Quzara LLC, an AWS Security partner and FedRAMP® compliance leader, has helped Veracode, a leading global provider of application security testing solutions, to attain a Federal Risk and Authorization Management Program (FedRAMP®) authorization.
As part of Veracode’s FedRAMP® authorization process, Quzara consulted and advised on control remediation, implementations, AWS architecture design, and development for the offering. Quzara additionally developed the full FedRAMP® documentation stack, including the System Security Plan (SSP), SSP Attachments, and policies and procedures.
Veracode’s comprehensive cloud-native software security platform provides Static Application Security Testing (SAST), Dynamic Application Security Testing (DAST), Software Composition Analysis (SCA), and eLearning. Federal government customers can use the Veracode offering to address security and risk management requirements for web and mobile applications. The platform can be used throughout the software development lifecycle, scanning binaries, run-time environments (including APIs), and third-party code (including open source) to ensure that security flaws and vulnerabilities are captured before code is pushed into production. To further aid development teams in producing secure code, Veracode offers inline remediation guidance within the integrated development environment, as well as developer training and certification.
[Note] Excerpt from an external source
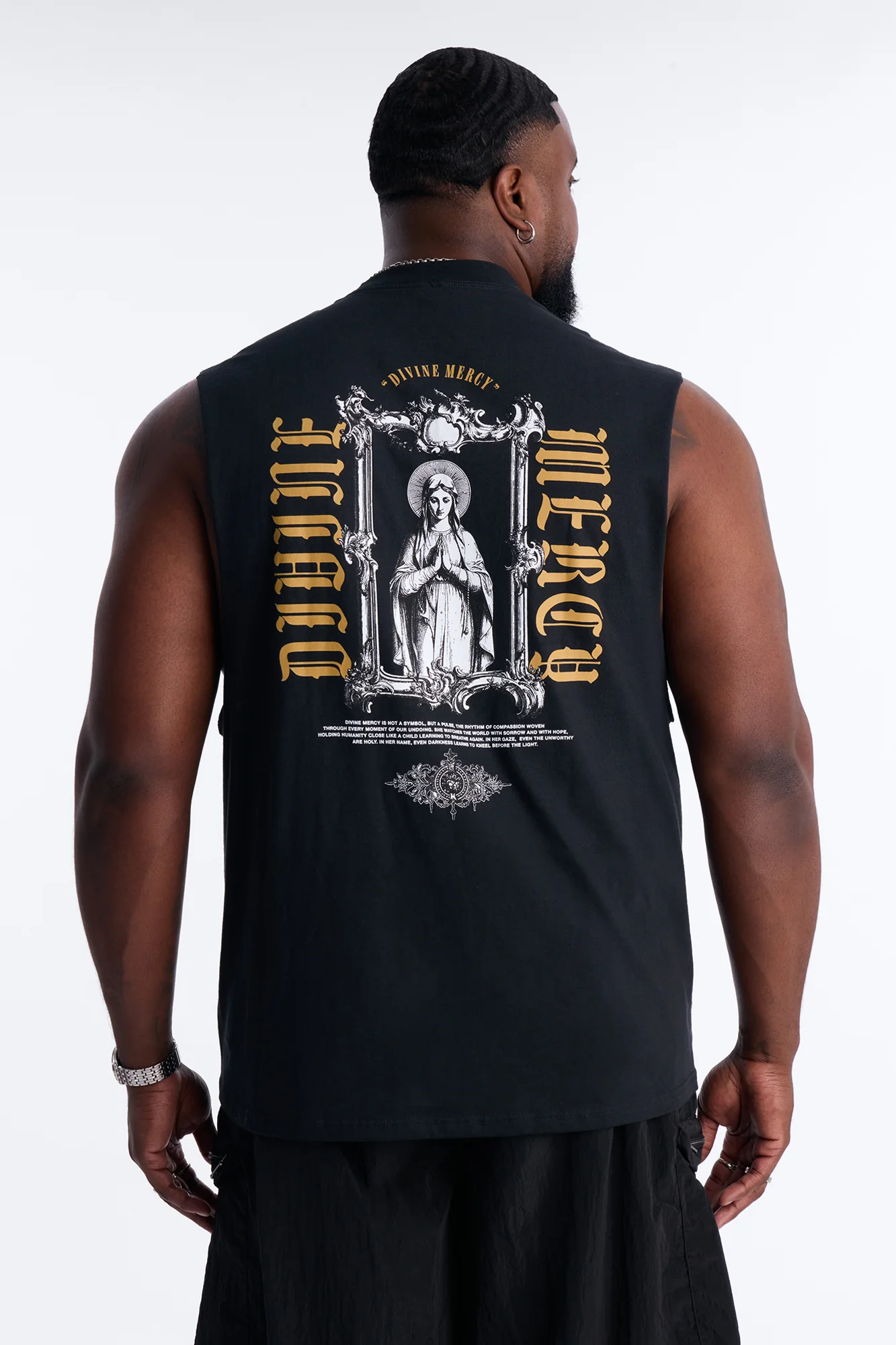 Divine Mercy Muscle Tee - Black - Image 5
For security and agency leadership, Veracode’s ‘single-pane-of-glass’ dashboard provides a unified view of security posture and compliance with policy.
“Quzara’s experience in cybersecurity and compliance, alongside our commitment to Veracode and the service they are bringing to the FedRAMP® market, resulted in a successful FedRAMP® authorization,” says Saif Rahman, Quzara Managing Director.
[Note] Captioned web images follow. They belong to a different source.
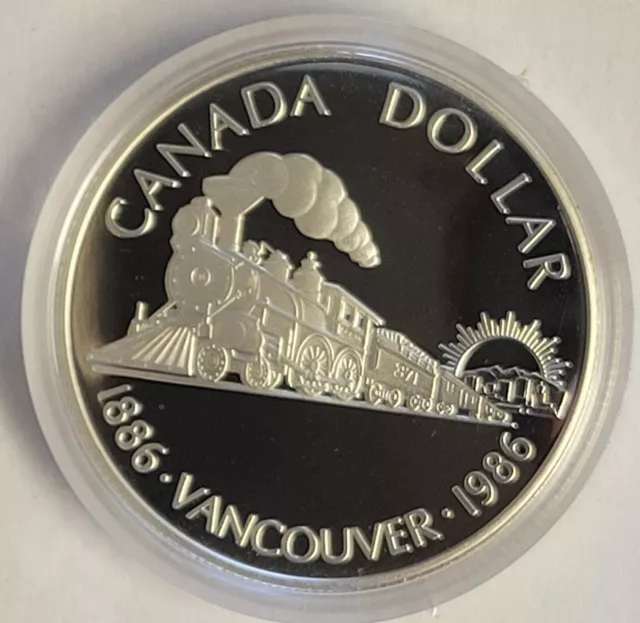 1986 Proof RCM Canadian Silver 1 Dollar Coin. In OGP, 50% Silver. Elizabeth II.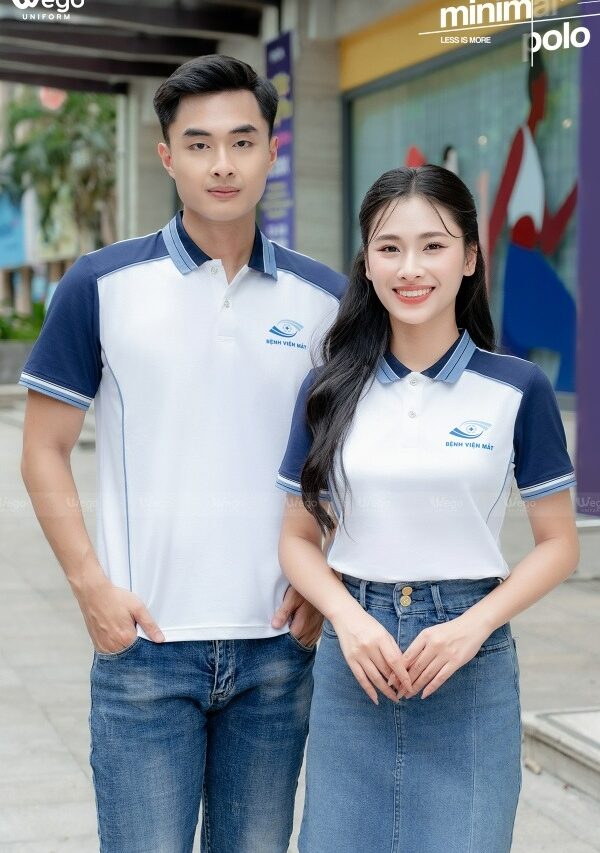 Áo phông thun đồng phục Minimal Polo: Màu trắng 05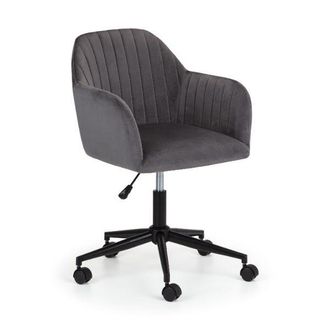 Julian Bowen Kahlo Office Chair Velvet Swivel Grey/Black - Julian Bowen | TJ Hughes Grey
“Bringing together the talent and experience of Quzara and the FedRAMP® team at Veracode, we were able to navigate the FedRAMP® landscape and reached a great milestone,” says AJ Malik, Quzara FedRAMP® Pillar Lead, Quzara lead on Veracode FedRAMP project.
Scott Jensen, Vice President, Cloud Operations at Veracode, said, “Quzara’s experience in the FedRAMP® process, their diligent efforts, and expert advice made all the difference in how we approached our project. We were able to make our way quickly and effectively through the FedRAMP® process, in large part due to Quzara’s efforts.”